◆ ASSIGNMENT ◆
List, from the lines below, each one with "Three" in it.
━━━━━━━━━━━━━━━━
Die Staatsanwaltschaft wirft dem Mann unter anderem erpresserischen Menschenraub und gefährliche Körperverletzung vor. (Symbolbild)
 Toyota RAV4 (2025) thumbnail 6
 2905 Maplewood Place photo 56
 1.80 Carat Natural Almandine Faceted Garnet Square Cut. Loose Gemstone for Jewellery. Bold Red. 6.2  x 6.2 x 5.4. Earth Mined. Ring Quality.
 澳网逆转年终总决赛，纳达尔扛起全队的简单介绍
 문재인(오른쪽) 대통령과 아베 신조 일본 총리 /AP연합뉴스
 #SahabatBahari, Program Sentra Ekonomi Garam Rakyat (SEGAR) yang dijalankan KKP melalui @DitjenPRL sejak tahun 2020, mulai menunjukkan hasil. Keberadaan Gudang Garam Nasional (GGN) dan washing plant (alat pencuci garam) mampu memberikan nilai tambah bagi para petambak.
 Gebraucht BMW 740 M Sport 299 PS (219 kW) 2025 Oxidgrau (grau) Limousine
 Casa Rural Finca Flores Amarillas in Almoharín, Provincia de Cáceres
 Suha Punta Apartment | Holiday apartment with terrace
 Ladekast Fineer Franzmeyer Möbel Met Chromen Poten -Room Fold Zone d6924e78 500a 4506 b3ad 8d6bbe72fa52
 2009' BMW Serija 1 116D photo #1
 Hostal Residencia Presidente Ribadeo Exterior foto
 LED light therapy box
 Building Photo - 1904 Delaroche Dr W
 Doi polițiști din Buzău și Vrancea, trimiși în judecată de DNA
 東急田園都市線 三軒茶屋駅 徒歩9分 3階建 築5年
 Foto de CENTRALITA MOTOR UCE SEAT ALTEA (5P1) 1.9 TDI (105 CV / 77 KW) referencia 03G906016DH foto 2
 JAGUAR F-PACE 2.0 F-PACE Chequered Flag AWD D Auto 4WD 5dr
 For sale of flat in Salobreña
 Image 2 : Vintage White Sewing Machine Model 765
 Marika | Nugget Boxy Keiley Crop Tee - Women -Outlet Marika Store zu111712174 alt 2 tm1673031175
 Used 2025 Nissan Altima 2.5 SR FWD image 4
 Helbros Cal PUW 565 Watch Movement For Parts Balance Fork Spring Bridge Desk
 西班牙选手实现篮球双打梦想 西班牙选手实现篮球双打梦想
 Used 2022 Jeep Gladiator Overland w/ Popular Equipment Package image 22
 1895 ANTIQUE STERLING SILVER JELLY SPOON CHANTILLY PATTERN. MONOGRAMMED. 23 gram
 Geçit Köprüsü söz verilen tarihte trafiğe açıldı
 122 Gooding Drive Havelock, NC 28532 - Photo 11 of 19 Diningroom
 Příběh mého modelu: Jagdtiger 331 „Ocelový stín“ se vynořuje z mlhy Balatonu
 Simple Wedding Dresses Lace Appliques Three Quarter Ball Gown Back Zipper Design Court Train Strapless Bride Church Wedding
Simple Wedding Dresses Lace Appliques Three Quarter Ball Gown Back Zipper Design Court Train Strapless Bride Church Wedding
━━━━━━━━━━━━━━━━
◆ ANSWER BOX ◆
 Simple Wedding Dresses Lace Appliques Three Quarter Ball Gown Back Zipper Design Court Train Strapless Bride Church Wedding
Simple Wedding Dresses Lace Appliques Three Quarter Ball Gown Back Zipper Design Court Train Strapless Bride Church Wedding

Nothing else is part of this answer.